* [DATA]
===============
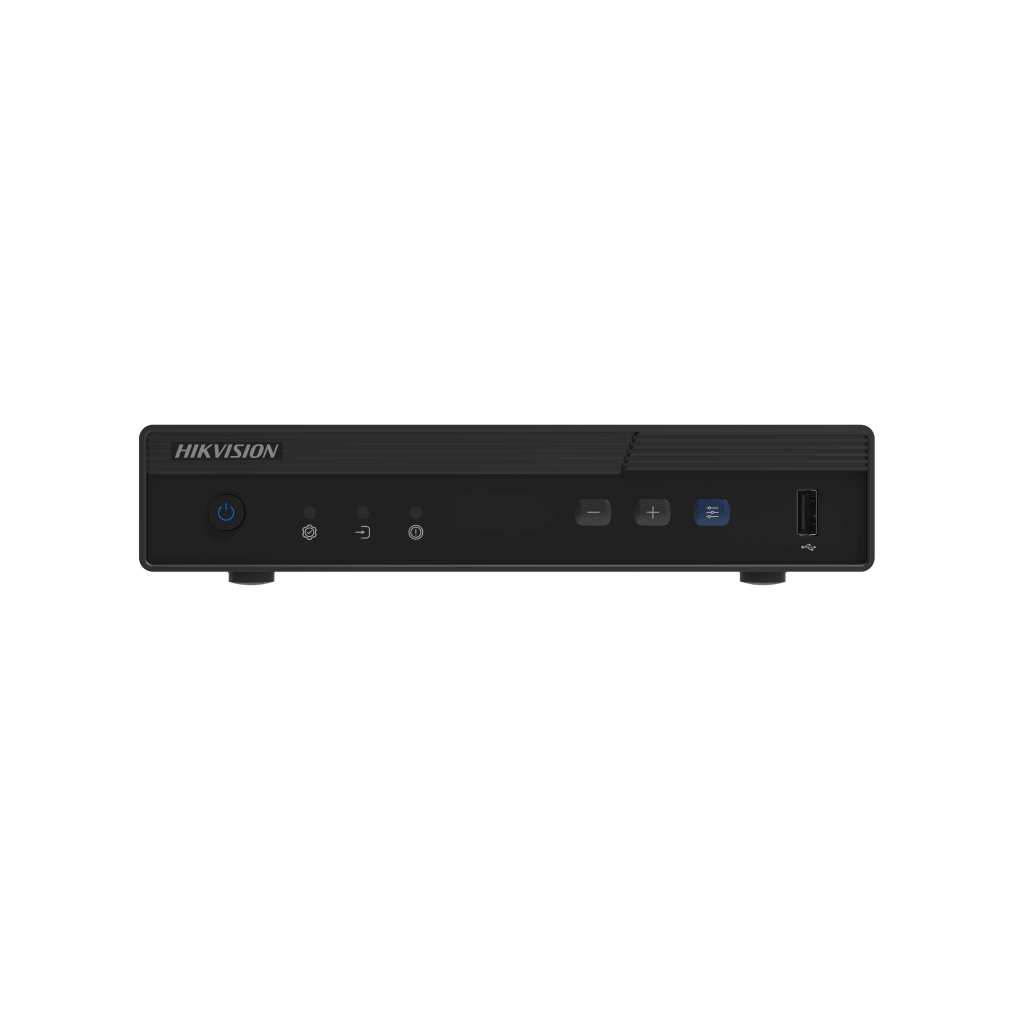 Controlador LED para Videowall / Configuración WEB / 6 Puertos de Video RJ45 / Compatible con Paneles LED Hikvision - Image 2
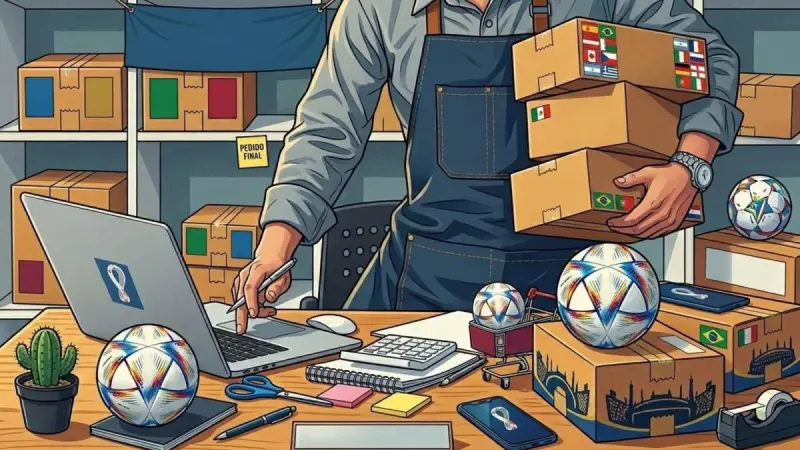 Mundial 2026, el reto logístico que pondrá a prueba a las pymes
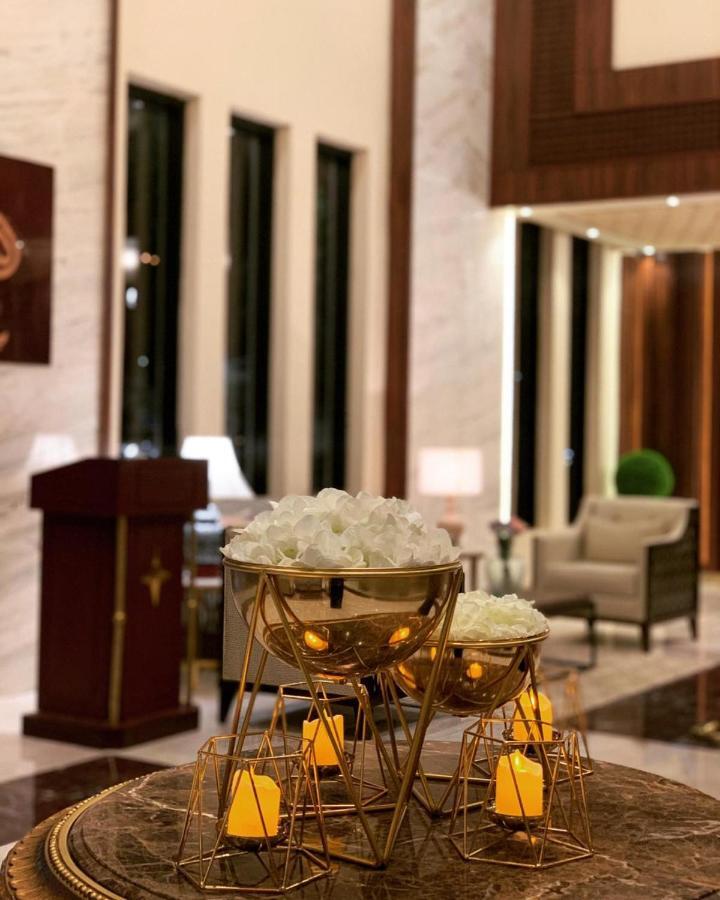 Seasons Park- Mawasim Al Hay At Hotel Jeddah Luaran gambar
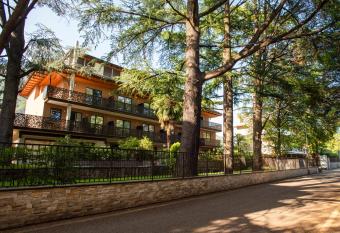 Hotel Chrys has Balcony rooms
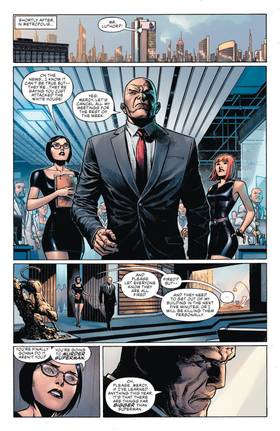 Read Year of the Villain: Hell Arisen (2019-)  1 Page 9 in English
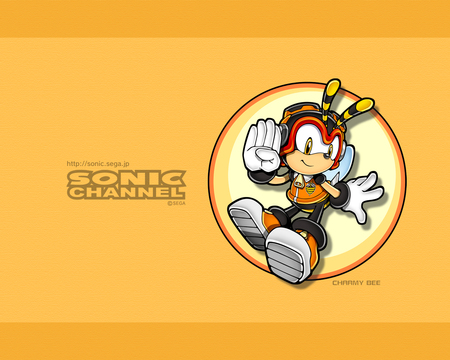 charmy - circle, charmy, channel, wallpaper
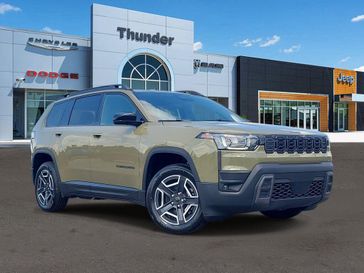 New 2026 Jeep Cherokee Limited 4x4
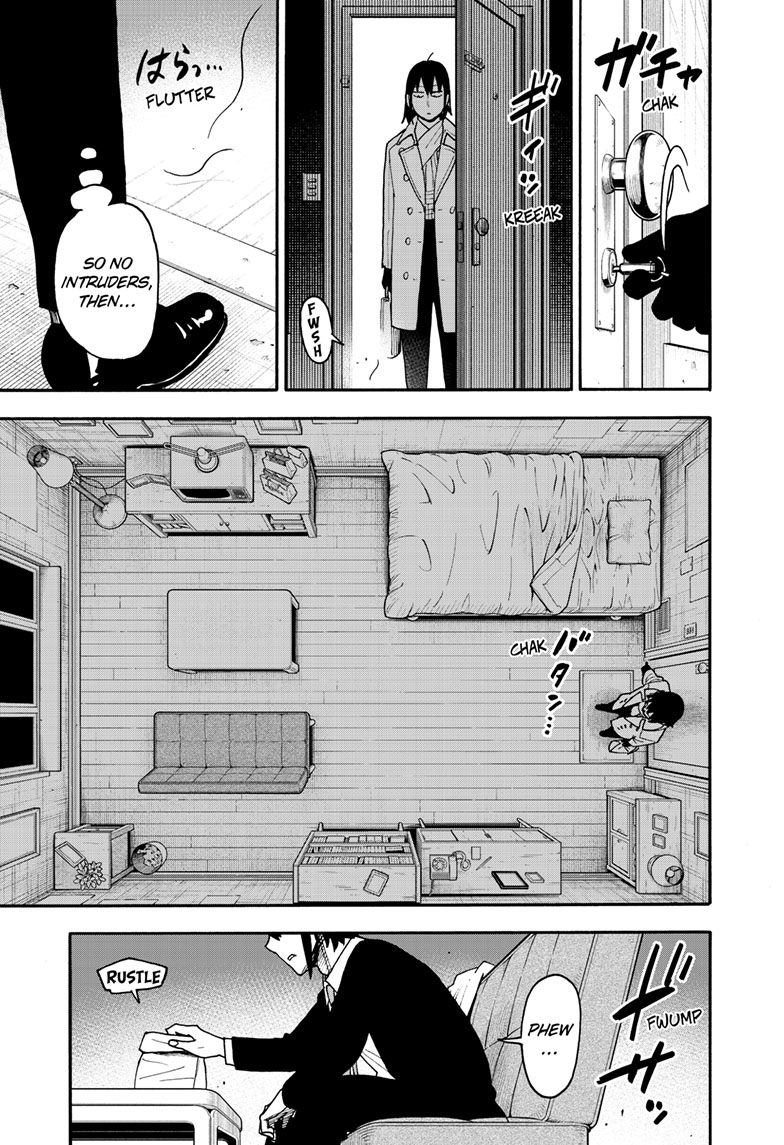 SPY x FAMILY (Official) - Chapter 114 manhwa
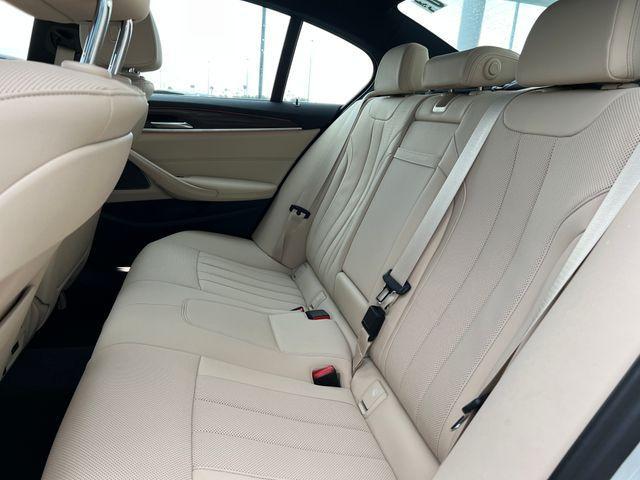 used 2023 BMW 530 car, priced at $49,998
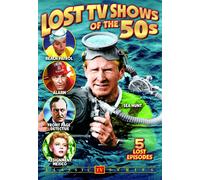 TV Classics - Lost TV Shows of the 50s (Sea Hunt / Beach Patrol / Alarm / (DVD)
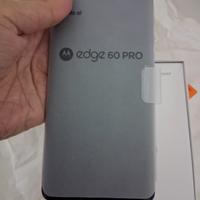 Smartphone Motorola Edge 60 pro purple NUOVO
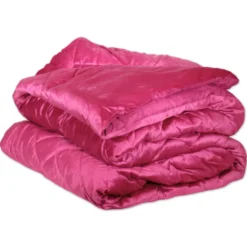 Trapunta matrimoniale Diaol Velvet Fuxia 260 x 260
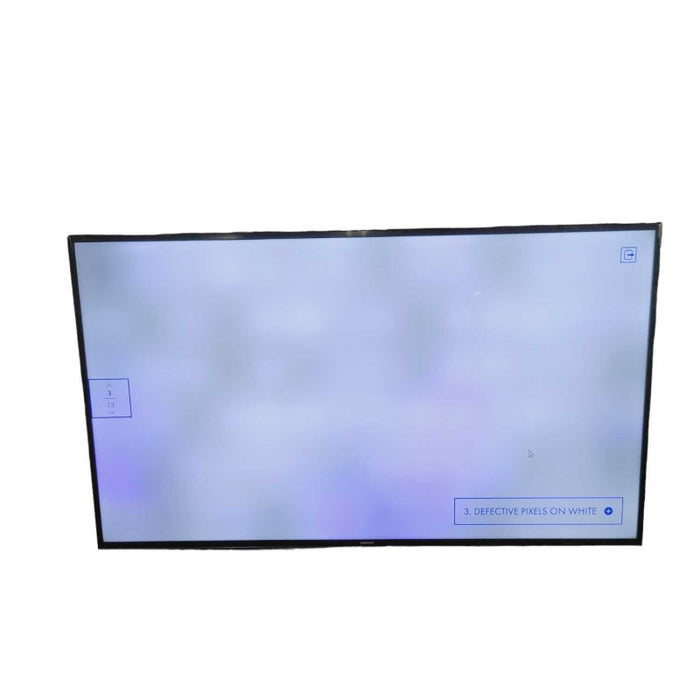 55\\" UHD 4K Flat Smart TV JU6500 Series 6 Plz READ  -
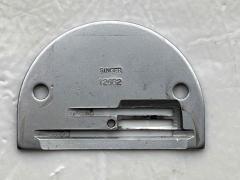 Placca macchina da cucire Singer Mod.12482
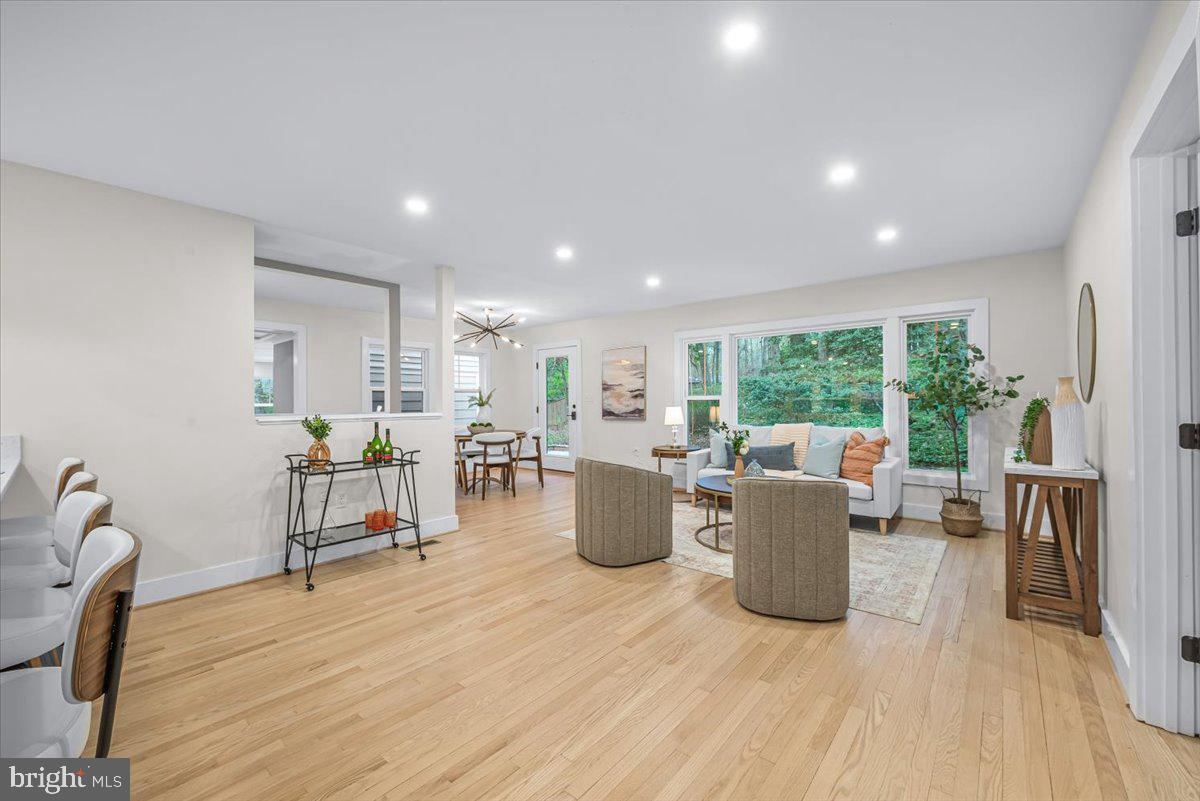 Silver Spring MD Staging Project
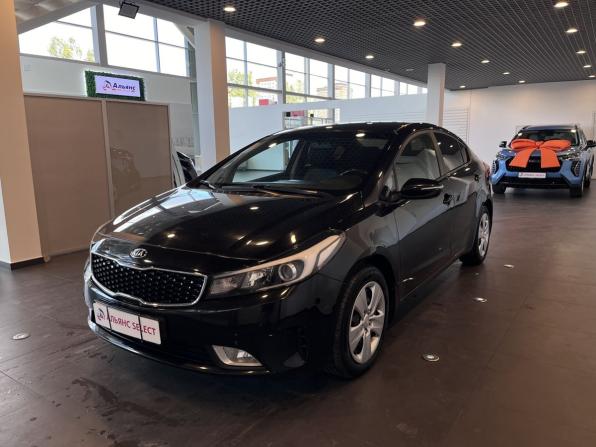 Kia Cerato III Рестайлинг (Classic) с пробегом 2018 года, цена 1 855 000 рублей, 89261 км, седан, Автокод Объявления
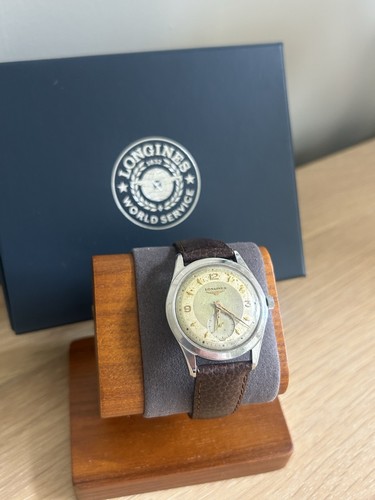 1953 longines 23z - longines,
===============
* [TASK ITEM] Retype the lines starting with the one that holds "Trapunta matrimoniale Diaol" and ending with the last line of the data above, both included; skip the pictures.

* [ANSWER TO THIS EXERCISE]
 Trapunta matrimoniale Diaol Velvet Fuxia 260 x 260
 55\\" UHD 4K Flat Smart TV JU6500 Series 6 Plz READ  -
 Placca macchina da cucire Singer Mod.12482
 Silver Spring MD Staging Project
 Kia Cerato III Рестайлинг (Classic) с пробегом 2018 года, цена 1 855 000 рублей, 89261 км, седан, Автокод Объявления
 1953 longines 23z - longines,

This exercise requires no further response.